Controversial data-for-funding plan scrapped

5:43 am on 7 November 2017

The government has confirmed it is dumping National's controversial data-for-funding plan that would have forced groups like Women's Refuge to hand over personal client details.


Photo: 123.rf

Minister for Social Development Carmel Sepuloni said she was scrapping the plan because it was dangerous and unnecessary.

Under the policy, which was meant to be in place from July, the National government made it a contractual requirement for providers to hand over the personal details - such as the names, birth dates and ethnicities of their clients.

National came under fierce criticism and after a number of setbacks - including a rebuke from the Privacy Commissioner and an IT breach - then-Social Development Minister Anne Tolley announced in May the plan would be put on ice and an advisory group would come up with a better way of collecting the data.

Ms Sepuloni said she wouldn't be asking providers to give up those personal details.
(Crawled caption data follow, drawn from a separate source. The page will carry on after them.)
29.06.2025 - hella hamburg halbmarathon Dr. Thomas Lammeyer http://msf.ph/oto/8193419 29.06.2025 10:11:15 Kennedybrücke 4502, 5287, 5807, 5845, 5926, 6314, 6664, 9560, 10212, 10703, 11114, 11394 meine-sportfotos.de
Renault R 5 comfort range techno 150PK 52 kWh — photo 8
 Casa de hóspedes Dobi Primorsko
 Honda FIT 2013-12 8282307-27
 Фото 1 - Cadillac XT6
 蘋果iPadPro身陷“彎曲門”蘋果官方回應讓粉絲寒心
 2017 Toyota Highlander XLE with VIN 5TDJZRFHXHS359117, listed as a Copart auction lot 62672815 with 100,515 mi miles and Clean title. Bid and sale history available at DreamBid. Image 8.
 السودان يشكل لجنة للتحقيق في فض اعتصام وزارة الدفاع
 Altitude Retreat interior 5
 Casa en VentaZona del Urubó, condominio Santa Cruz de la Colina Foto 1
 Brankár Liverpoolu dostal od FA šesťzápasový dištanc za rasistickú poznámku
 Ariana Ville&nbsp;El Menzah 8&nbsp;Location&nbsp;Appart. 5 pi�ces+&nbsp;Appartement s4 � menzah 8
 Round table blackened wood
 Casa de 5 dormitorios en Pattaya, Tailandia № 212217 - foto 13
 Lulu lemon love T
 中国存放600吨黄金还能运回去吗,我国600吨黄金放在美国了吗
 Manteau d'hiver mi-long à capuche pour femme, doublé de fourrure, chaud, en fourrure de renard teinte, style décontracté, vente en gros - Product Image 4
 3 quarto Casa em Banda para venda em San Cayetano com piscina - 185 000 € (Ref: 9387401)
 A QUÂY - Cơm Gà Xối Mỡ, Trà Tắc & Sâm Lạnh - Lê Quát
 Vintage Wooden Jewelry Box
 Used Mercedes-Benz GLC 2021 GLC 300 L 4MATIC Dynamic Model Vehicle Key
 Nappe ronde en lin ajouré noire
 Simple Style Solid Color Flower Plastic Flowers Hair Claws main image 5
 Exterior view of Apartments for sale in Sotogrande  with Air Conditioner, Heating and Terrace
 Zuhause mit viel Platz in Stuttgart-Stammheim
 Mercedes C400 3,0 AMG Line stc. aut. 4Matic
"It wasn't working and there were issues with security around information, they had been advised by the NGOs and by the Privacy Commissioner and by the opposition political parties and a whole lot of other people that they shouldn't be doing it, so of course we're not going ahead with that."

Labour's Carmel Sepuloni on the Foreign Affairs, Defence and Trade Committee hears from petitioners asking the government to address human rights issues in West Papua.

Labour's Carmel Sepuloni pictured at a parliamentary committee. Photo: RNZ / Daniela Maoate - Cox

Ms Sepuloni wanted to look into whether the anonymous data organisations were already providing to the ministry could be better used.

Collecting data about individuals, as National was proposing, wasn't necessary, she said.

"It's dangerous, in terms of individual client level data, in terms of potentially putting people off accessing the support that they need, people who most need support.

"It's not actually going to be much more helpful with regard to improving services."

Brenda Pilott, national manager of Social Service Providers, an umbrella organisation of NGOs and community groups, said it was sensible to look at how the non-identifiable data the ministry and others already had could be better used.

"Providers who are contracted to MSD and Oranga Tamariki - and no doubt other government departments too - already provide a lot of information on the numbers of people they see, the results of their work and a lot of narrative or a lot of qualitative information. We've always felt that they don't make enough use of that."

Women's Refuge chief executive Ang Jury said she never understood why the previous government wanted to collect the identifying data in the first place.

She said doing that could have put some of the women her organisation worked with at risk.

It was dangerous for some clients if data on where they were or who they were with was revealed. "It wasn't just sensitive data, it was actually data that had the potential in the wrong hands, to cause some really nasty consequences for those women."

Dr Jury said they were not opposed to sharing non-identifiable data with the Ministry of Social Development or the Ministry of Justice, where it could be used to improve services.

But there had to be a broader conversation about what data was being collected by government agencies and what it was being used for, she said.

National Party social investment spokesperson Paula Bennett said while the new government was within its rights to can the plan, it should move carefully.

"What we were trying to do was ensure those programmes that were being delivered to some of our most vulnerable people are evidence-based, that they're actually getting the kind of assistance and the help that the taxpayer is paying an organisation to give," she said.